→ **EXERCISE AIM**
From the data underneath, reproduce exactly the stretch that begins at the line with "Bread Bonda |" and ends after the line with "浏览型号MAX1160BCPI的Datasheet PDF文件第2页".

== DATASET EXCERPTS ==

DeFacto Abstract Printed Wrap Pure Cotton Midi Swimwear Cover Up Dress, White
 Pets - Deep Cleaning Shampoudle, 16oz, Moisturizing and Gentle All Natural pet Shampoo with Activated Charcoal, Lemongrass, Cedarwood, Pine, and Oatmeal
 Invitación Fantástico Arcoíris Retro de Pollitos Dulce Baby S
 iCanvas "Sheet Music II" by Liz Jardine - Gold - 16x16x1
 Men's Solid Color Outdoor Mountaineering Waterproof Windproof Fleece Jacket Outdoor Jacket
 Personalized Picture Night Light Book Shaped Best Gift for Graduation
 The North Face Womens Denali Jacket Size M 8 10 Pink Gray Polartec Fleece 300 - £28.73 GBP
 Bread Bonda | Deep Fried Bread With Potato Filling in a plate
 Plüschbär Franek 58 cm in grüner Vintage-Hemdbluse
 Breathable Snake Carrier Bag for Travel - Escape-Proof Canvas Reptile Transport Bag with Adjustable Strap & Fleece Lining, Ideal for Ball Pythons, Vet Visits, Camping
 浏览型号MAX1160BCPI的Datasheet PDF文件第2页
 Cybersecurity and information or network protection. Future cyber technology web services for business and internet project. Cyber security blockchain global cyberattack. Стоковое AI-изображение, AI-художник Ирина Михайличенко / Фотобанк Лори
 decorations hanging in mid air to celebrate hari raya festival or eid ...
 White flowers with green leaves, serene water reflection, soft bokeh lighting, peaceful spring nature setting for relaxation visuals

===

→ **EXERCISE SOLUTION**
 Bread Bonda | Deep Fried Bread With Potato Filling in a plate
 Plüschbär Franek 58 cm in grüner Vintage-Hemdbluse
 Breathable Snake Carrier Bag for Travel - Escape-Proof Canvas Reptile Transport Bag with Adjustable Strap & Fleece Lining, Ideal for Ball Pythons, Vet Visits, Camping
 浏览型号MAX1160BCPI的Datasheet PDF文件第2页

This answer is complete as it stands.